Not at all. There are just (not so) big multivolume archives with the same volume sizes and several copies. That's why rmlint is needed isn't it?

Yes. It's true that this configuration might appear in the wild.

But your setup is definitely a corner case since you are on highly limited RAM. Especially when using it to run on millions of files with paranoid mode. You cannot kill every problem with software alone.

We appreciate your constructive criticsim and testcases, but we're no request show.

vvs- commented 9 years ago

Sorry, I'm not requesting anything. I'm just pointing to real issues, IMHO. You should decide what to do in each case. I can workaround every single case by just excluding it from deduplication.

But your setup is definitely a corner case since you are on highly limited RAM. Especially when using it to run on millions of files with paranoid mode. You cannot kill every problem with software alone.

But the average user has no clue that such data set is very demanding on resources. Actually, it's the process of deduplication and bug finding when it became obvious. So, you should expect that such setup is the norm for people with very old backups.

Allow me to elaborate on this a little. Memory is expensive. My motherboard supports only up to 4 GB. So, upgrading would require to replace motherboard, CPU, memory and may be even some peripheral devices. And even if I do, the old system is likely to become some NAS box for my backups. But disks are cheap, so I'd prefer to buy an additional disk and copy data to it. Servers are likely be attached to SAN with built-in online deduplication. That's why I believe that offline deduplication is for a low memory setups and it won't be in a high demand on a premium systems.

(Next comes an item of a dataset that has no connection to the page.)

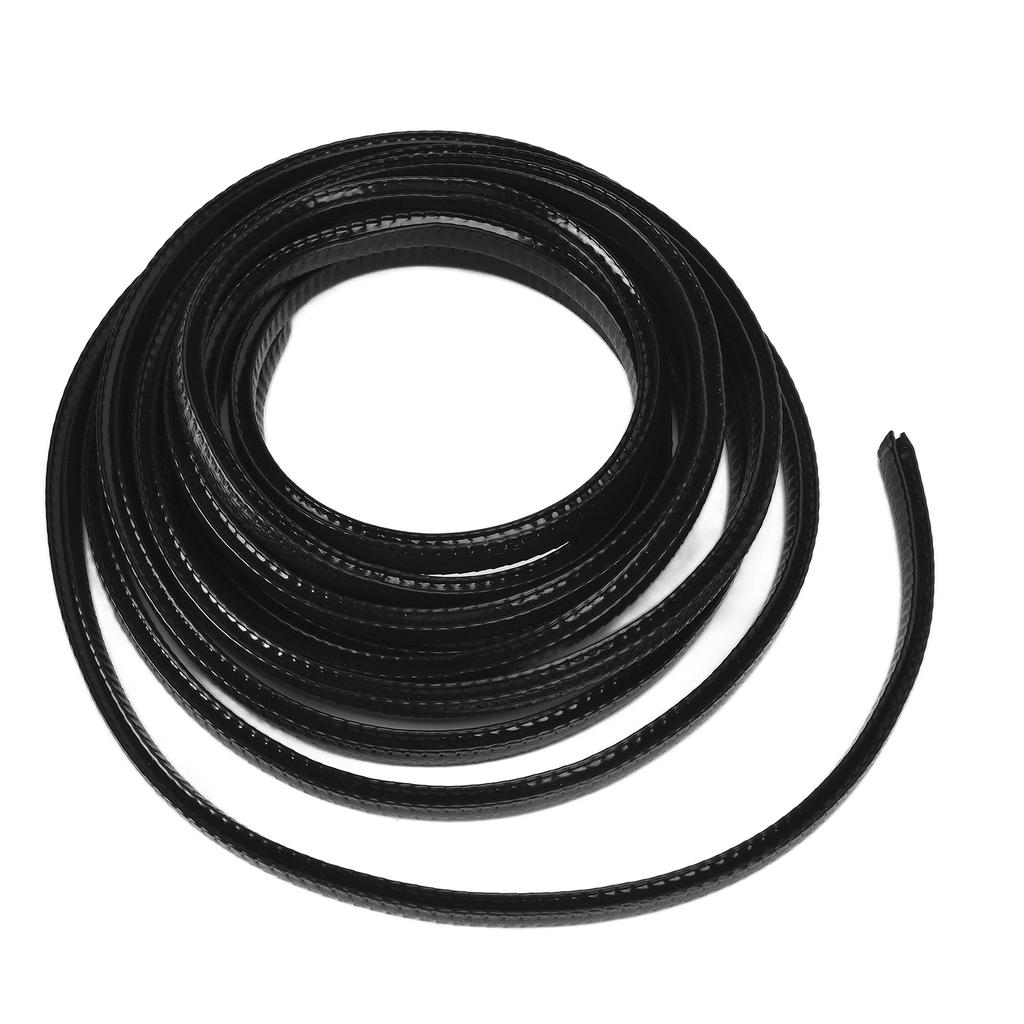5m Car Door Edge Guards 8x10mm U Shape Trim Seal Strip Universal for Auto Modification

BTW, rmlint -b -pp use tiny fraction of memory to process this testcase but it doesn't cope well with big number of files presently.

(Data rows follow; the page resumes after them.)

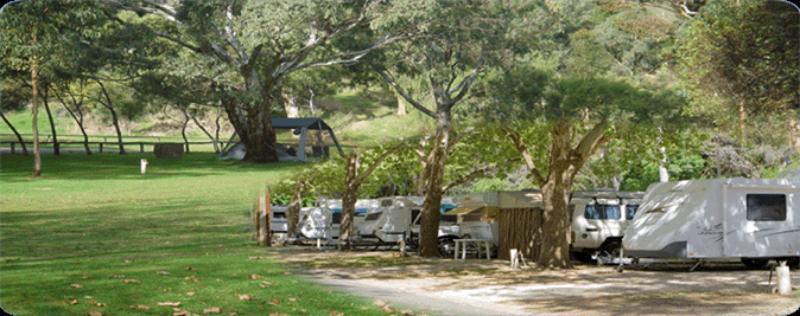 Adelaide Brownhill Creek Tourist Park Hotel ภายนอก รูปภาพ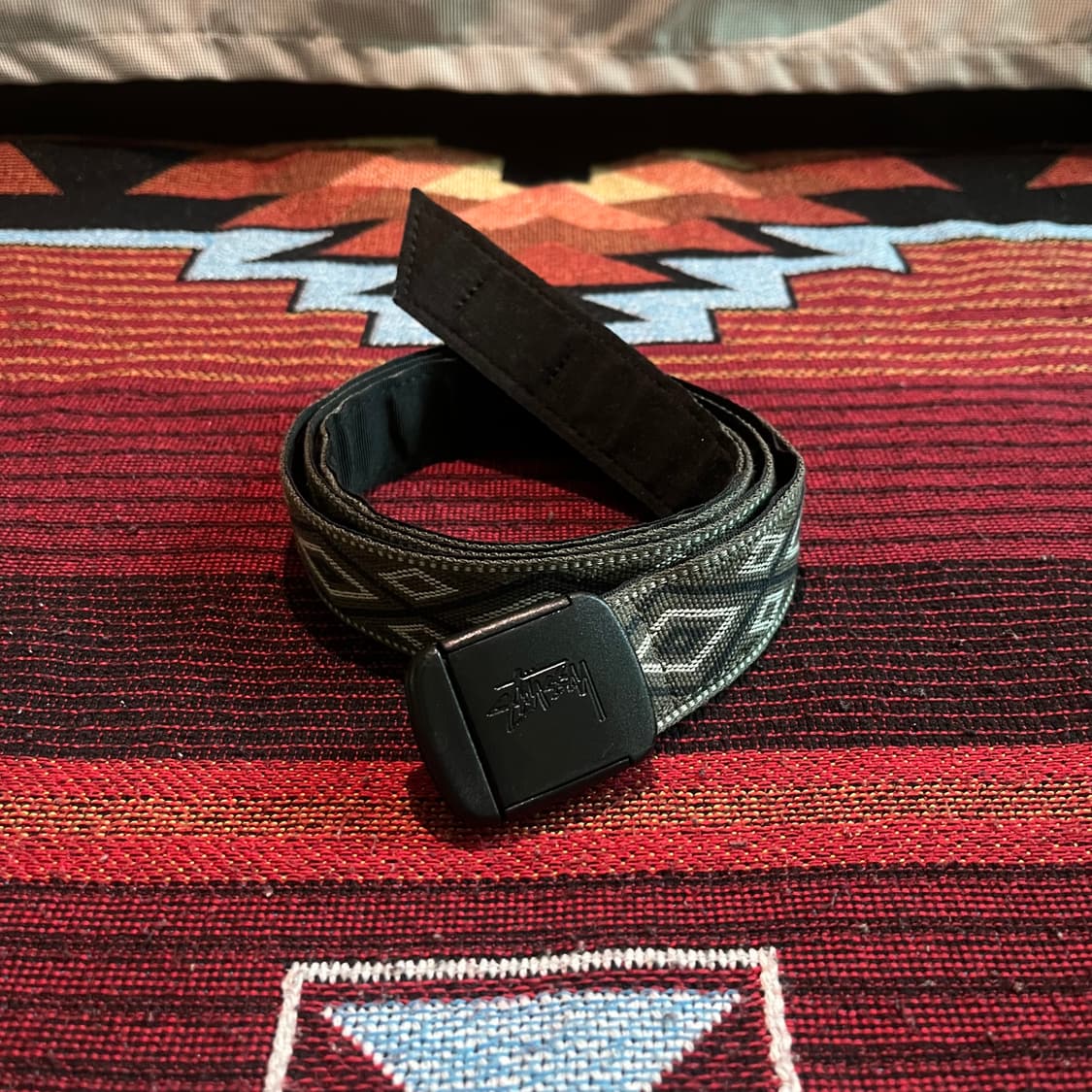 스투시 자카드 에스닉 벨트 Stussy 상품이미지2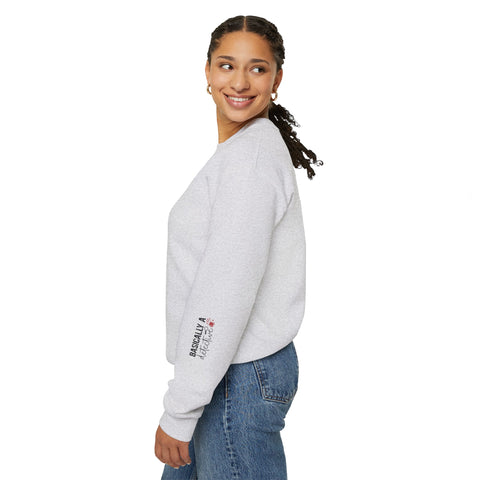 True Crime Junkie Tarot Card Sweatshirt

SeeSpotRun commented 9 years ago

All good points. It's certainly not such a corner case as I thought - I hadn't considered multi-volume archives always being split into same-sized chunks. I'm re-thinking / re-working the memory manager for paranoid hashing in https://github.com/SeeSpotRun/rmlint/tree/mem_miser. I'm not sure if the current version there covers all cases but it's getting closer.

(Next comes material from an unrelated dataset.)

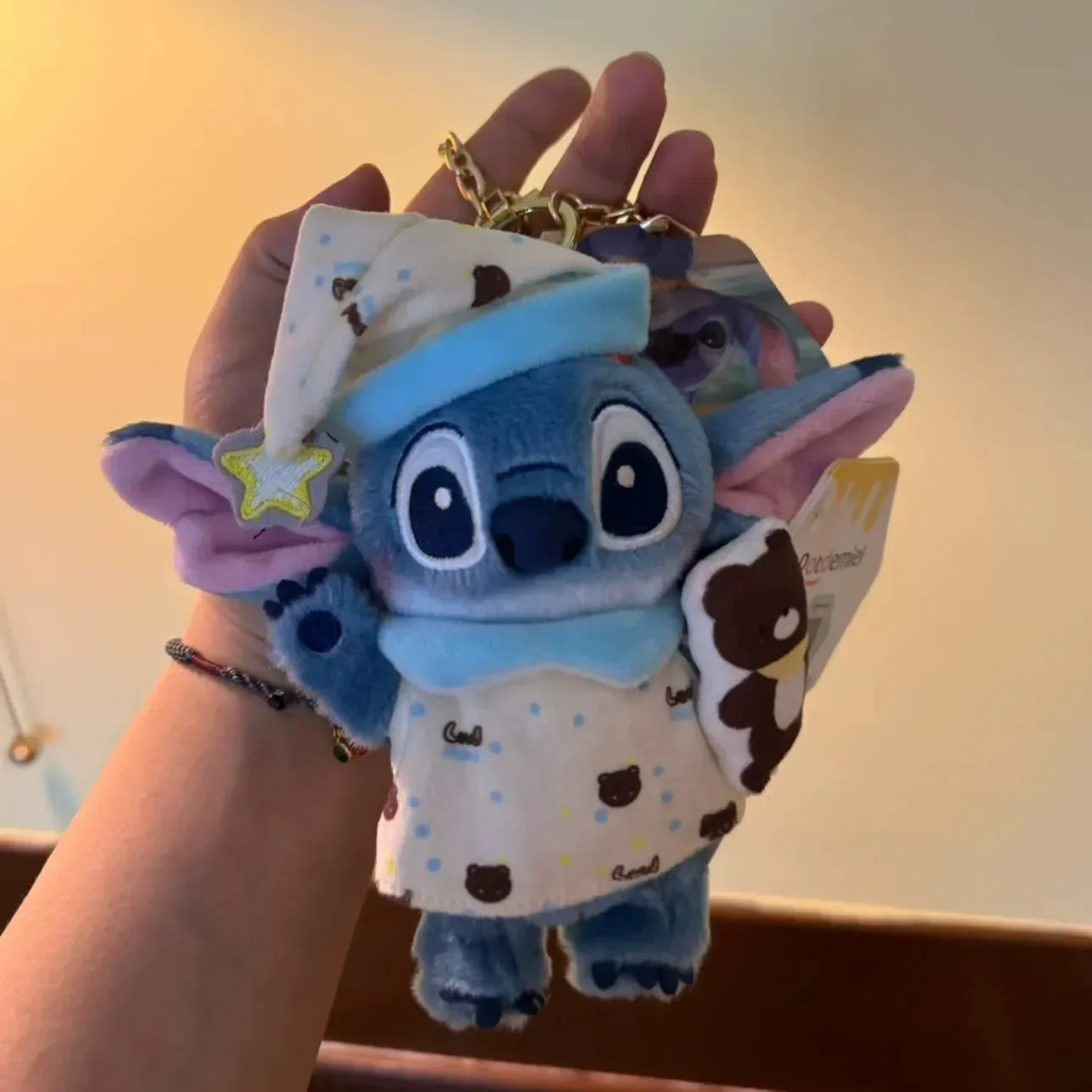 Premium Cosmic Alien Plush Keychains - Image 6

vvs- commented 9 years ago

Thank you for all your hard work!

Your work will certainly benefit the product and all those who want to use it.

SeeSpotRun commented 9 years ago

No worries; the improved mem manager is much better than the old. Unfortunately we lost a fair bit of speed (not from the mem manager but from the n-ary tree used to reduce the RAM required to hold all the file paths). I still have a couple of things to try to hopefully speed that up.

sahib commented 9 years ago

@vvs: Nice to hear it ran through.

The --with-metadata-cache should be working again. The plus of saved memory will not be as much as before, since the default implementation will uses much less memory now thanks to @SeeSpotRun. Out of curiosity (and if you did not delete all that data yet), how is the timing/memory footprint of --with-metadata-cache to the normal run you posted?

vvs- commented 9 years ago

The plus of saved memory will not be as much as before

It doesn't matter as long as it didn't crash or caused other nasty effects when the memory was low.

Out of curiosity (and if you did not delete all that data yet), how is the timing/memory footprint of --with-metadata-cache to the normal run you posted?

I plan to run it again with other optimization options. I'll post the results here.

Thanks again for all work on this!

vvs- commented 9 years ago

Using with-metadata-cache rmlint did the same run for 11h 28m, i.e. about 17% slower. It used about 17% less memory (a coincidence?). But this comparison is not entirely correct because there were some additional fixes made to rmlint between the runs.

sahib commented 9 years ago

Heh , no coincidence I believe. Numbers should be correct enough for a rule of thumb. Okay, that's enough to justify the continued existence of --with-metadata-cache I guess.

For future reference, part of the discussion here also happened in https://github.com/SeeSpotRun/rmlint/issues/1. Is there anything open still or can I close this issue?

vvs- commented 9 years ago

I believe that the original issue was fully addressed.